We can notice the '13 mansion'  has some outliers, '11 Excellent' shows one outlier, we will take care of these

In [None]:
Mansions = df.loc[df['grade'] == '13 Mansion']
Mansions.loc[Mansions['price'] == Mansions['price'].max()]

In [None]:
df.drop(7245, inplace = True)

In [None]:
df.drop(9245, inplace = True)

In [None]:
Excellent = df.loc[df['grade'] == '11 Excellent']
Excellent.loc[Excellent['price'] == Excellent['price'].max()]

In [None]:
df.drop(3910, inplace = True)

In [None]:
plt.scatter(df['grade'], df['price'])
plt.xticks(rotation = 60);

<br>


#### `yr_built` column

<br>

Year when house was built

In [None]:
hist(df, "yr_built");

We have records for houses built in 1900 to 2015

<br>


#### `view` column

<br>

This column describes quality of view from house

In [None]:
df["view"].value_counts()

In [None]:
df["view"].isna().sum()

Column view has 63 null values, we will replace those values and consider them as having no view, 'NONE'

In [None]:
df['view'] = df['view'].replace(np.nan, 'NONE')


<br>

## Data Modeling

We defined functions to help create a simple model, and a second function to create models using a log transformed target.

In [None]:
def simple_model(x):
    y = df["price"]
    x_c = sm.add_constant(x)
    return sm.OLS(endog=y, exog=x_c).fit().summary()

In [None]:
def simple_ylog_model(x):
    y = np.log(df["price"])
    x_c = sm.add_constant(x)
    return sm.OLS(endog=y, exog=x_c).fit().summary()

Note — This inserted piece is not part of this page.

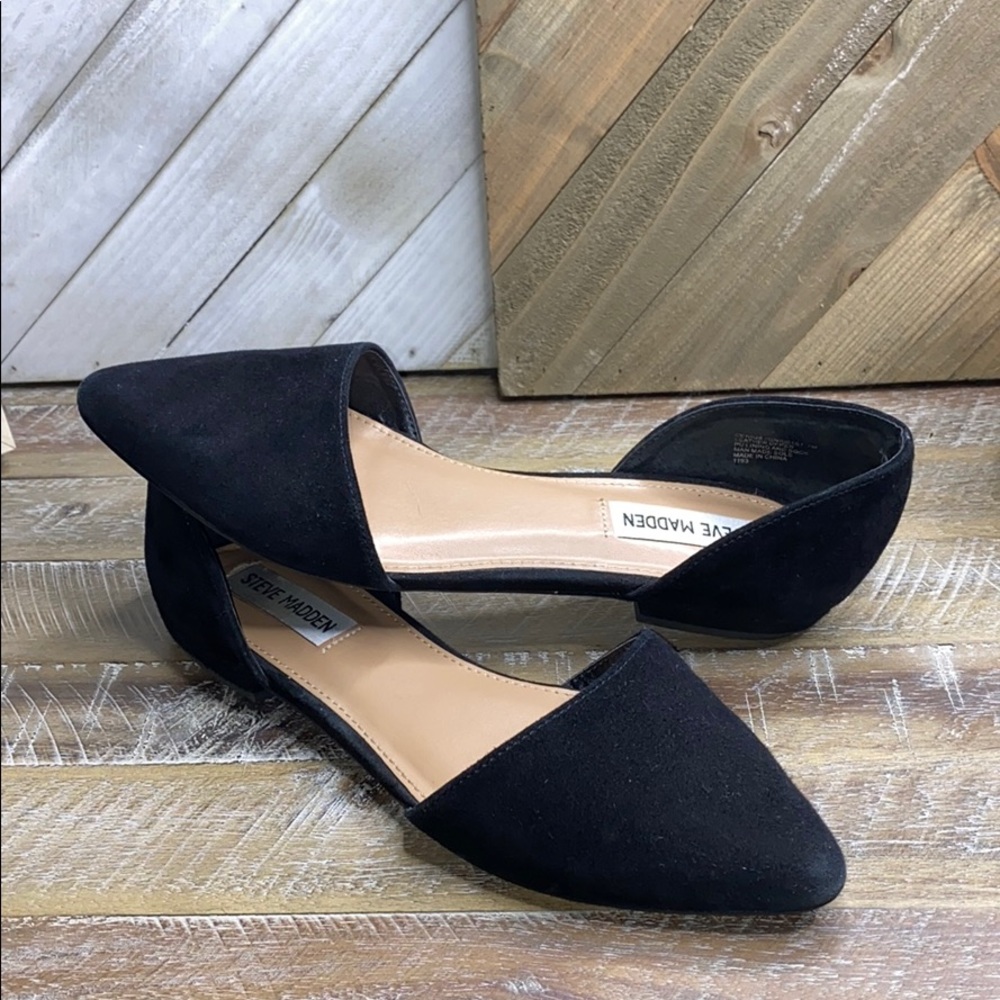 Steve Madden flats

Hot-coded values for view column

In [None]:
view_dummies = pd.get_dummies(df["view"])
view_dummies
view_dummies.drop('NONE', axis=1, inplace=True)


<br>

Lets built a simple model using view features.

In [None]:
simple_model(view_dummies)


<br>

Created a function to add dummy view columns to a single dataframe including `bedrooms`	`bathrooms`	`sqft_living`	`sqft_lot` features and set them as our exogenous.

In [None]:
def add_views(df):
    df["Fair_view"] = view_dummies["FAIR"]
    df["Average_view"] = view_dummies["AVERAGE"]
    df["Good_view"] = view_dummies["GOOD"]
    df["Excellent_view"] = view_dummies["EXCELLENT"]

In [None]:
data_d = df.drop(labels=["id","date","price","floors","waterfront","condition","grade","yr_built","view"], axis=1)
add_views(data_d)
data_d

In [None]:
x, y = sm.add_constant(data_d), df["price"]

In [None]:
sm.OLS(y, x).fit().summary()

<br>

Let's log tranform our target and see if it will improve our model.

<br>

In [None]:
y_log = np.log(y)
sm.OLS(y_log, x).fit().summary()

While the  `bathrooms` feature is showing a stronger correlation with the log of the price, the other factors prevented this from being the best overall choice.

Let's scale this data

In [None]:
x_nums = data_d.drop(labels=["Fair_view", "Average_view", "Good_view", "Excellent_view"], axis=1)

In [None]:
x_scaled = StandardScaler().fit_transform(x_nums.values)
x_scaled_df = pd.DataFrame(x_scaled, index=x_nums.index, columns=x_nums.columns)
x_c = sm.add_constant(x_scaled_df)

In [None]:
sm.OLS(y, x_c).fit().summary()


<br>

Now that our condition number is minimal, if it increases by adding the `view` features, we'll know those inputs are the ones causing the ill-condition. Let's add them in now!

In [None]:
add_views(x_c)

In [None]:
sm.OLS(y, x_c).fit().summary()

let's run the model using log y

In [None]:
sm.OLS(y_log, x_c).fit().summary()

### Checking Assumptions

We assign latest model to a variable and proced to check assumptions

In [None]:
model = sm.OLS(y_log, x_c).fit()

In [None]:
model.summary().tables[2]

In [None]:
model_preds = model.predict(x_c)
resids = y_log - model_preds

In [None]:
fig, ax = plt.subplots()

ax.scatter(y, resids);

In [None]:
model2 = sm.OLS(endog=y_log, exog=x_c).fit()
model2_preds = model2.predict(x_c)
model2_resid = y_log - model2_preds

fig, ax = plt.subplots()
ax.scatter(y_log, model2_resid);

In [None]:
sm.qqplot(model2_resid, line='r');

Below we continued adding features to our model looking for a higher r-squared value while trying to keep the 
condition number low.

First we drop columns already used, and keep mosly categorical data.

In [None]:
df2 = df.drop(labels=["id","date","price","bedrooms","bathrooms","sqft_living","sqft_lot","view"],axis=1)

In [None]:
dummy_df = pd.get_dummies(df2)

In [None]:
dummy_df.drop(labels=["waterfront_NO","condition_Average","grade_7 Average"],axis=1,inplace=True)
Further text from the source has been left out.